Which is kind of ironic as you can’t get diagnosed with MS without having at least two lesions, yet you can continue to be treated for MS without them. Who knew?
“So the medication I take. It repaired the myelin?” I asked.
“Maybe. Or maybe it fixed the inflammation in your brain so that the lesion never developed in the first place.” he replied.
“But we saw the lesions on my MRI from last year,” I countered.
“We saw what we THOUGHT were lesions. Maybe they were just inflammations that were getting ready to turn into lesions and they were caught in time,” he replied.
“A lesion starts out as inflammation first?”
“Yes. And perhaps the Copaxone resolved the inflammation.”
“Or did the Copaxone strengthen my blood brain barrier so that whatever was attacking my nerves stopped in time for my brain to repair itself?” I suggested.
“Maybe,” he answered. “Or maybe all of your yoga and meditation helped. Or maybe it’s the way you eat. Who knows,” he added with a shrug.
“So in other words, keep doing what I’m doing,” I offered.
I was pleasantly surprised that a big time Georgetown Neurologist would tell me to do more yoga. Yet my inner scientist wants to know more about these lesions as in, why have they left? Where did they go? Will they come back? If I can figure out what made them take a hike, I can focus on that moving forward.
Although I do yoga, meditate and try to eat healthy, I’m in no way obsessive about any of those things. I do yoga and meditate a few times a week. As for diet changes, I tried the MS diet once and decided after one meal that I’d risk the wheelchair before I spent the rest of my life counting every gram of fat I ate because as much as that might work for some, it would cause me to go crazy and wasn’t worth it. I’ve got too good a relationship with food to go back now.
Truth be told the one thing I definitely do every day since being diagnosed is shoot one milliliter of Copaxone into my body.
The only other thing I can think of is that after my diagnosis I decided that I wasn’t going to stress about having multiple sclerosis. Honestly, I don’t think about it until I have a symptom and even then, I’m not sure if I’m thinking about the MS specifically or the symptom in general. For example my balance can be off so if I need to climb a ladder I focus more on how to be safe and not on the cause of my imbalance. In other words, I don’t make up stories in my head.
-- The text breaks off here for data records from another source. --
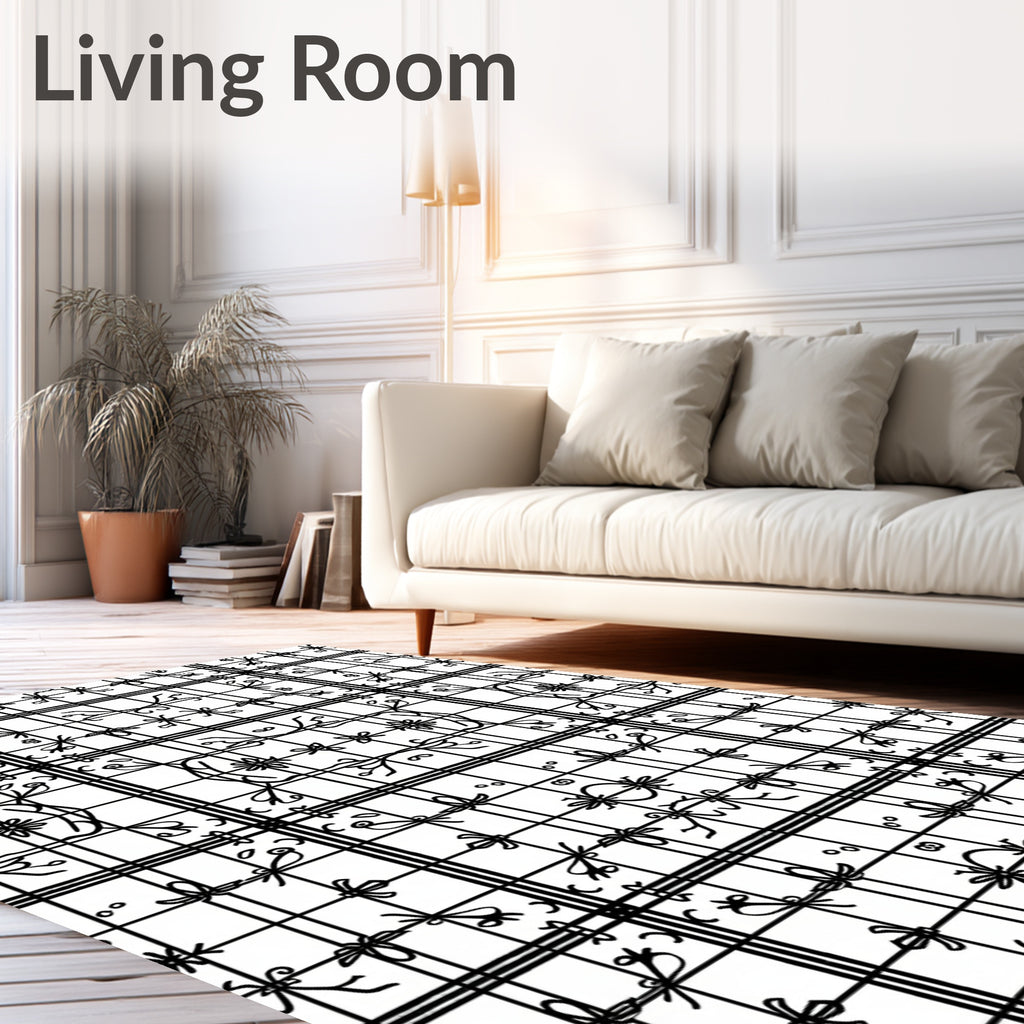 Black White Grid Floral Scroll Arrangement Rug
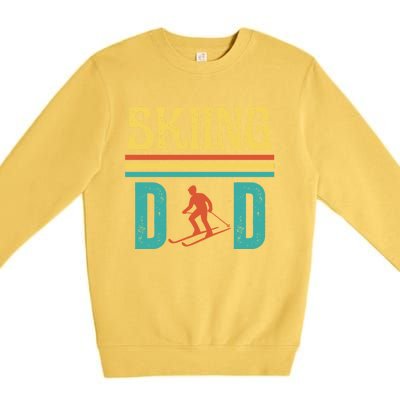 Skiing Dad Retro Vintage Ski Fathers Day Funny Skiing Meaningful Gift Premium Crewneck Sweatshirt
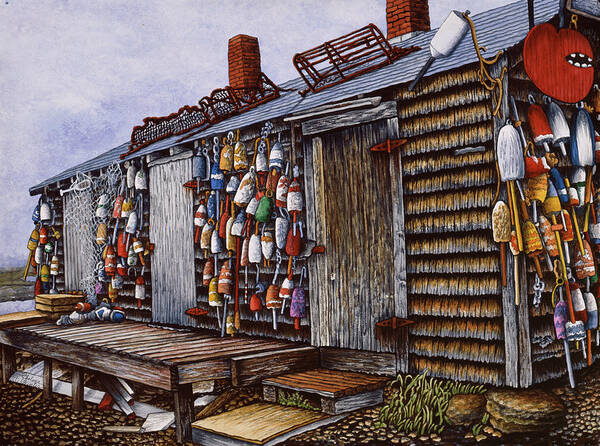 Shack With Lobster Buoys Hanging From It Art Print featuring the painting Lobster Buoys by Thelma Winter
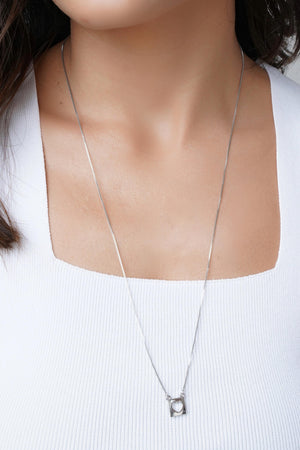 Escapulário Espírito Santo Coração Vazado Ródio Branco - 60 cm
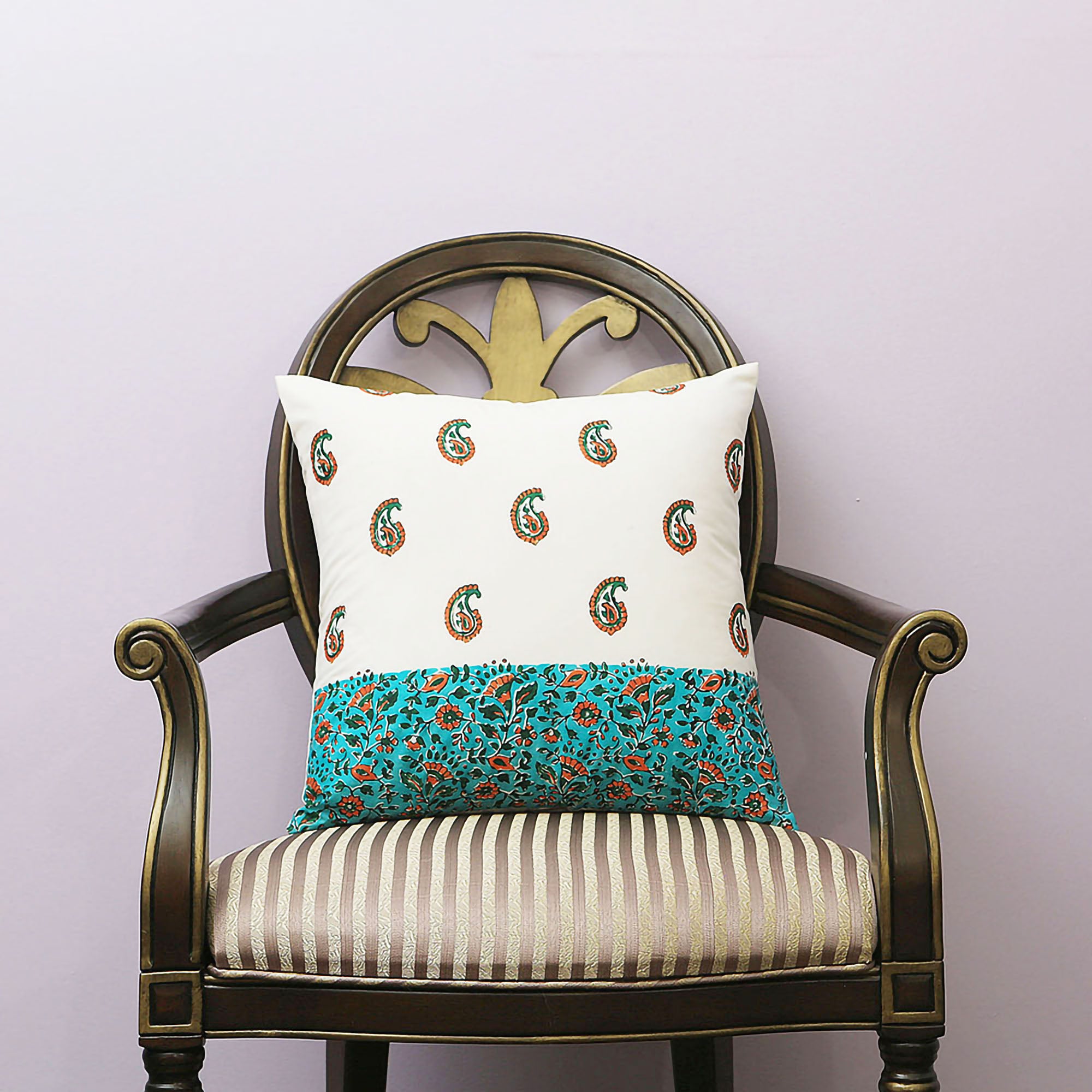 Handmade Blockprint Cotton  Decorative Throw Pillow & Cushion Cover 18 x 18 inches Paisley Print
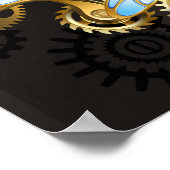 Steampunk Dragonflies op bruine gestreepte achterg Poster (Hoek)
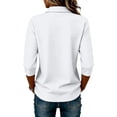 thumbnail image 4 of Women's 3/4 Length Sleeve Polo Shirts Golf Button Collared Summer Short Sleeve Tops Lightweight Work Polo Shirt Womens Blouses White XL, 4 of 5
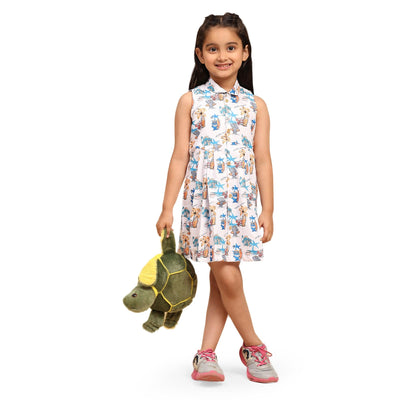 Baby Shark Print Blend Linen Dress - Funny Bones Clothings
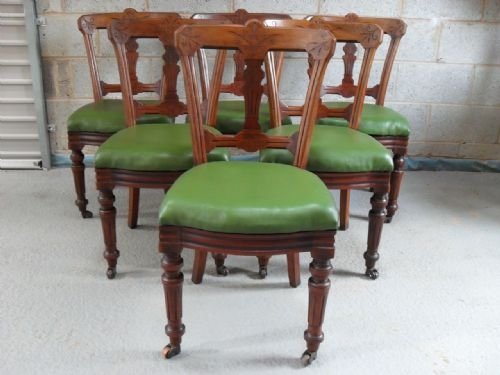 Set of Six Victorian Walnut Carved Vase Backed Dining Chairs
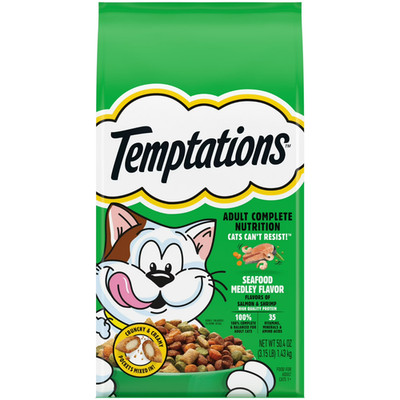 Temptations Dry Cat Food Seafood Medley Flavor Adult Cat Food Dry Recipe 3.15 LB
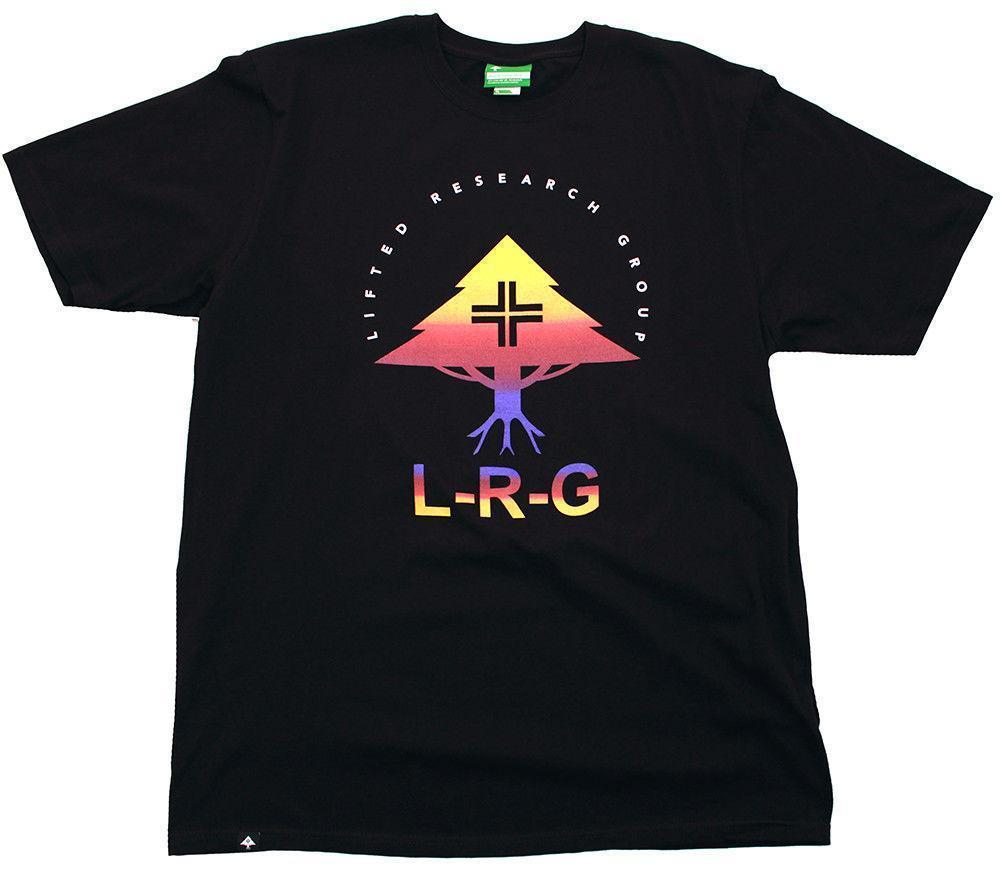 High LRG Tree Logo - LRG Gradient Tree T Shirt Black Lifted Research Group Tee Mens XL ...
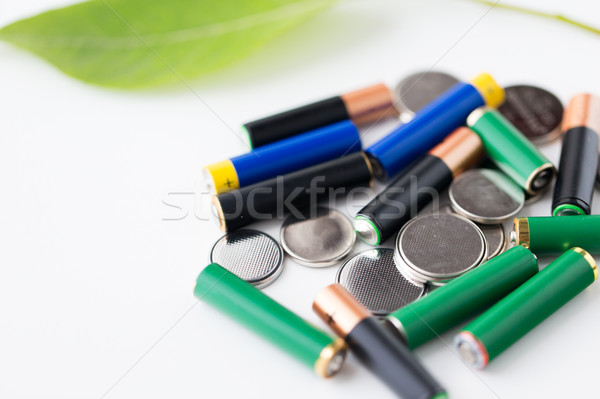 Stockfoto: Groene · batterijen · recycling · energie · macht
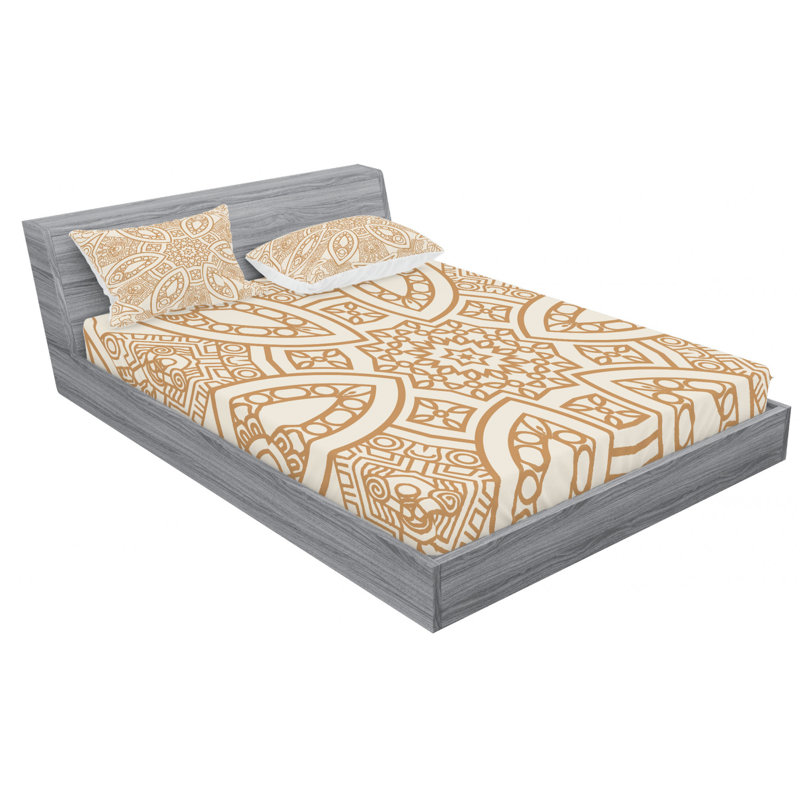 Microfiber Geometric Sheet Set, Full Sheet Set with Fitted Sheet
I don’t assume everything’s about MS and because of that my thoughts have become very functional and rational and not dramatic, MS, fueled embellishments.
Maybe that’s because a few days after being diagnosed I tripped in my foyer, began to tear up only to look around and realize that the foyer rug was wrinkled and the cause of my misstep, not my new MS diagnosis. Then later that night I tripped again only to realize that the rug was fine, but my shoe was untied. The fact is people trip, whether they have MS or not and I learned very early on, that I couldn’t blame MS for everything. Sometimes I’m just an asshole that needs to tie her damn shoes or better yet, watch were she’s walking.
So do I think my mind wiped out my lesions? No. I think western medicine did. I think my mind helps the medicine work well by staying calm and keeping my nervous system calm which is exactly what you want if you have a nervous system disorder. This inner calmness is a direct result of my attitude and yoga/ meditative practices which frankly is a relief. It means that at the end of the day, I don’t have to be the most advanced student, the best teacher or the most disciplined yoga practitioner. All I have to do is LIVE my yoga and anyone, no matter their physical condition, can do that.